L’article de Georges Clemenceau, La guillotine, a pour sujet la question de la peine de mort. Il a été publié dans le journal La Justice, dans le numéro  du 23 mai 1894. À cette date, Clemenceau, couvert de dettes,  est à la fois le rédacteur en chef et le principal journaliste du quotidien. La Justice a été fondée en 1880 par lui même et Camille Pelletan. Journal radical clairement situé à la gauche de l’échiquier politique, La Justice participe activement aux débats de son temps et sert de caisse de résonance aux idées de Clemenceau.

Dans cet article du 23 mai 1894, Clemenceau n’hésite pas à se faire reporter et à passer la nuit dehors pour couvrir l’exécution du condamné à mort Emile Henry. La France connaît depuis 1892 une vague  d’attentats anarchistes qui provoquent une psychose collective. Emile Henry, auteur de plusieurs attentats dont certains ont fait des victimes, est condamné à mort et guillotiné à 21 ans, sans renier ni ses convictions ni ses actes.

L’article de Clemenceau a été écrit à chaud, le jour même ou le lendemain de l’exécution. La description des faits est minutieuse mais empreinte parfois d’une sourde ironie, qui n’est ici que l’expression de son rejet d’un crime qui lui « paraît odieux ». Partisan résolu de l’abolition de la peine de mort, Clemenceau refuse de tout son être « cette tuerie administrative », « un acte de basse vengeance » ,  qu’il juge indigne de la « République Française, si glorieuse de ses aspirations humanitaires ». Rejoignant ici Jaurès sur ce sujet, les deux hommes auront, plus tard, l’occasion de combattre ensemble pour l’abolition de  la peine de mort. En vain …


LA GUILLOTINE

Quelqu’un me dit : « Il faut que vous voyiez ça, pour en pouvoir parler à ceux qui trouvent que c’est bien.  » J’hésitais, cherchant des prétextes. Et puis, brusquement, je me décide. Partons.

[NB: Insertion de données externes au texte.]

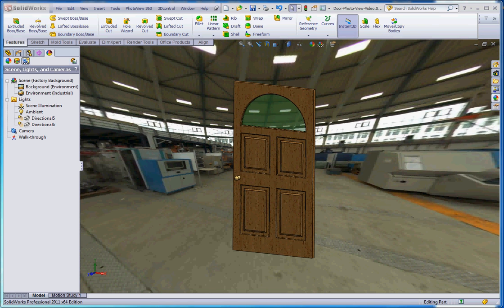Hello, thank you for joining me. This is video number four in our series on how to use PhotoView 360. You get a photo-real image of our door that we worked on last week, and what I'd like to show you in this video is a little bit more on scenes before we transition to lights and some other settings in regard to PhotoView 360.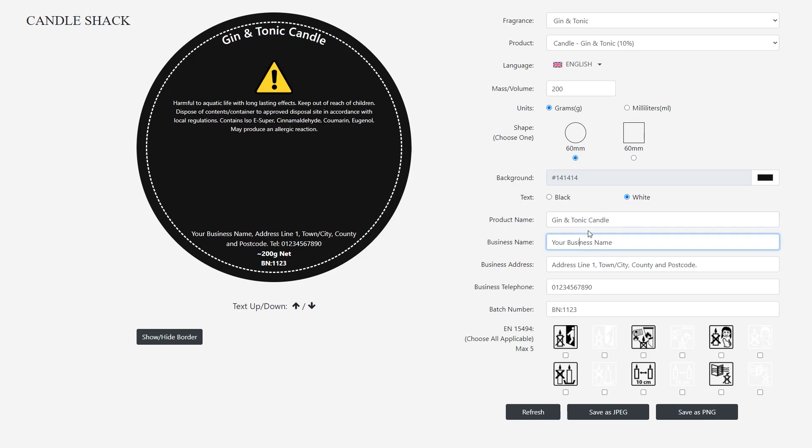The following section allows you to add your business name, contact details and batch number.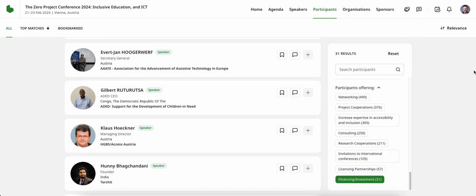Naturally, these numbers will grow as we get closer to the conference, where we expect well over 1,000 participants from all continents to join us on the ground in Vienna, Austria.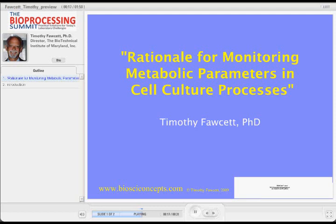I want to talk a little bit, continuing from Dr. Price's talk, about a rationale for monitoring metabolic processes — or metabolic parameters — during cell culture.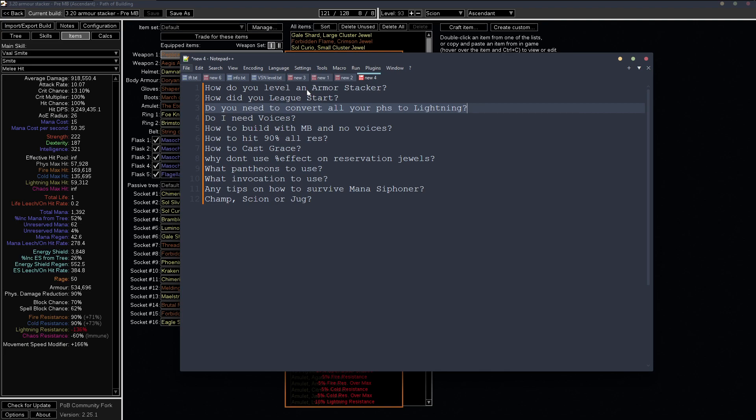Hey guys, this is going to be a quick Q&A type of video about the armor stacker covering some of the questions you guys been asking. Let me know in the comments if I've forgotten something or if you have any other questions.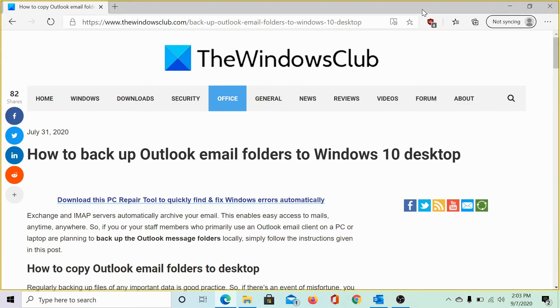Welcome to the Windows Club. We are here with a video on backing up Outlook email folders to Windows 10 desktop.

Nous traversons le Paris d’après minuit, avec ses groupes de filles blafardes sous le gaz, ses flâneurs attardés en quête d’aventure. Déjà nerveux, je cherche un air étrange dans les choses. Rien. Un ciel ardoisé, moutonnant, d’une transparence blême. Un vent sec et dur qui nous glace.

 Nous voici place du Château-d’Eau, devant la grande République au bonnet phrygien. Elle présente sa branche d’olivier apportant, dit-elle, la paix parmi les hommes. Et le couperet ? Pourquoi ne tient-elle pas le couperet de l’autre main? Au fond de moi, je lui crie : «Menteuse ! ». Maintenant, c’est Ledru-Rollin, théâtralement campé devant la mairie du Faubourg. D’un geste emphatique, il montre l’urne du suffrage populaire, disant : « Le salut est là».
– « Sans doute, ami, mais l’attente est longue pour une courte vie. Tu en as fait toi-même, pendant vingt ans, la cruelle expérience. »

Toutes les rues aboutissant à la place de la Roquette sont barrées. La place est occupée militairement. Il y a là mille hommes. C’est beaucoup pour en tuer un seul. Des barrières maintiennent le public au débouché de la rue de la Roquette. Il est impossible qu’il voie quoi quoi que ce soit du spectacle de tout à l’heure. M. Joseph Reinach se moque de nous. La place n’est plus qu’une grande cour de prison.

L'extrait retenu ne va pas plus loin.